> _TO DO_
What you give back should be exactly the opening lines of the data, ending with the line that contains "The basic definition" and including it.
########
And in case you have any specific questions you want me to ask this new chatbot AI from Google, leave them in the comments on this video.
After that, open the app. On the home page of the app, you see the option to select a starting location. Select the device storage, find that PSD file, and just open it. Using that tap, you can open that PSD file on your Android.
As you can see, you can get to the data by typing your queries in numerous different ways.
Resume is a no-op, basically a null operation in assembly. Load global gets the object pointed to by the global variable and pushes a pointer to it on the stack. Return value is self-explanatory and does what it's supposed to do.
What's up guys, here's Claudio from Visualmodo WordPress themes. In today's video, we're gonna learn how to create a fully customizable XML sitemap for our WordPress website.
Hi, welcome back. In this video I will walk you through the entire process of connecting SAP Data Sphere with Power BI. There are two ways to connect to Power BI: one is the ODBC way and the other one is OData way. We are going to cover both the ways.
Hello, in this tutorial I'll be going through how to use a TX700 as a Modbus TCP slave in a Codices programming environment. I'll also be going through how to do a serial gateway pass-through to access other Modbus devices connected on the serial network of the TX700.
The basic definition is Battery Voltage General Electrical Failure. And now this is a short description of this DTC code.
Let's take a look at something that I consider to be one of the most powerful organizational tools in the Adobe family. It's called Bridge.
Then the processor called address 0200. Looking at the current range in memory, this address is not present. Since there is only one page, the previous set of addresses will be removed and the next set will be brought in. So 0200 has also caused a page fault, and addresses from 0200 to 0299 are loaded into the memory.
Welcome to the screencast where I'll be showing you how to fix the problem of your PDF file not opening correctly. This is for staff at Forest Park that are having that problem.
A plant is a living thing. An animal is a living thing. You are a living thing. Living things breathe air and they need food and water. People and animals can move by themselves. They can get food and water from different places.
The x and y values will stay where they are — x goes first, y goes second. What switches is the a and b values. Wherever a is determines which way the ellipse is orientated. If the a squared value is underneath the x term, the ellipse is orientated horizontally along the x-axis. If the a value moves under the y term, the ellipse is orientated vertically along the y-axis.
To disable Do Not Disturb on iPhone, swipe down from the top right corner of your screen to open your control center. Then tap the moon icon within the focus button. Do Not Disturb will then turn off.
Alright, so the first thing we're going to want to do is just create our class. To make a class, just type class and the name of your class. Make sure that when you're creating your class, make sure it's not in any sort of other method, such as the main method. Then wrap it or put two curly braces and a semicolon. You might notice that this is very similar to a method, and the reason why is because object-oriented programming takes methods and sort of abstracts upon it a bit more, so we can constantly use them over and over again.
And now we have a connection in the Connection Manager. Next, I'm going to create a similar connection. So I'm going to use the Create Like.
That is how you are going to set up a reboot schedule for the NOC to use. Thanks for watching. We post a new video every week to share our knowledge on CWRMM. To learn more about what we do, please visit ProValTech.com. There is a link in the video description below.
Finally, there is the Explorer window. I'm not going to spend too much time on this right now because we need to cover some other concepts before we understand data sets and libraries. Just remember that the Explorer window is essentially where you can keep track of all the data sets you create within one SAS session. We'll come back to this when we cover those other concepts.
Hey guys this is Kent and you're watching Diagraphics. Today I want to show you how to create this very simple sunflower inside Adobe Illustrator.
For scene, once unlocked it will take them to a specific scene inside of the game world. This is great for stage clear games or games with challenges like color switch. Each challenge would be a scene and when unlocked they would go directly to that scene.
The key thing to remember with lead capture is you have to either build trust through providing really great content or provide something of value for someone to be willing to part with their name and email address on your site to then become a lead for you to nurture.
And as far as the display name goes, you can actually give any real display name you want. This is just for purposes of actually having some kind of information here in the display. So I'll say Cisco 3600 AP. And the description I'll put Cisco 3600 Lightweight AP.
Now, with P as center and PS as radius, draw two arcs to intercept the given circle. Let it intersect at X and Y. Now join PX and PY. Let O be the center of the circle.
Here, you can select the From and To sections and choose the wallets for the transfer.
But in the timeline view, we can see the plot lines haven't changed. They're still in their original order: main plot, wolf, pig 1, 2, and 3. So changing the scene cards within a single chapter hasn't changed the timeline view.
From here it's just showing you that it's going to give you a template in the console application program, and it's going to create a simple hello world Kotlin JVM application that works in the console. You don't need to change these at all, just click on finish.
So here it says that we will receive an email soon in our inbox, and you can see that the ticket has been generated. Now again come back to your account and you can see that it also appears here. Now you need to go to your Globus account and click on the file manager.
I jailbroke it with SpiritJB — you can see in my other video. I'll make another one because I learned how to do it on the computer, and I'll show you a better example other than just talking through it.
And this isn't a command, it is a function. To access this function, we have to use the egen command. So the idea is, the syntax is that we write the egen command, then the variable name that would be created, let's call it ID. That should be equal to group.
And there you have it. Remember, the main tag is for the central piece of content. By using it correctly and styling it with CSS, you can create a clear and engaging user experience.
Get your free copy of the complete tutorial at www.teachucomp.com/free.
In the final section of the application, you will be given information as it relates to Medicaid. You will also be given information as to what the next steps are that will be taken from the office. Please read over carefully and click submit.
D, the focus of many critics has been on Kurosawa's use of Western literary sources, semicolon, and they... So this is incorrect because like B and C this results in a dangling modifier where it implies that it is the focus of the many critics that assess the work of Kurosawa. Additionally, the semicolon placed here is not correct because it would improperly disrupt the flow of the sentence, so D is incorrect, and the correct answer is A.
########
> _RESULT BELOW_
And in case you have any specific questions you want me to ask this new chatbot AI from Google, leave them in the comments on this video.
After that, open the app. On the home page of the app, you see the option to select a starting location. Select the device storage, find that PSD file, and just open it. Using that tap, you can open that PSD file on your Android.
As you can see, you can get to the data by typing your queries in numerous different ways.
Resume is a no-op, basically a null operation in assembly. Load global gets the object pointed to by the global variable and pushes a pointer to it on the stack. Return value is self-explanatory and does what it's supposed to do.
What's up guys, here's Claudio from Visualmodo WordPress themes. In today's video, we're gonna learn how to create a fully customizable XML sitemap for our WordPress website.
Hi, welcome back. In this video I will walk you through the entire process of connecting SAP Data Sphere with Power BI. There are two ways to connect to Power BI: one is the ODBC way and the other one is OData way. We are going to cover both the ways.
Hello, in this tutorial I'll be going through how to use a TX700 as a Modbus TCP slave in a Codices programming environment. I'll also be going through how to do a serial gateway pass-through to access other Modbus devices connected on the serial network of the TX700.
The basic definition is Battery Voltage General Electrical Failure. And now this is a short description of this DTC code.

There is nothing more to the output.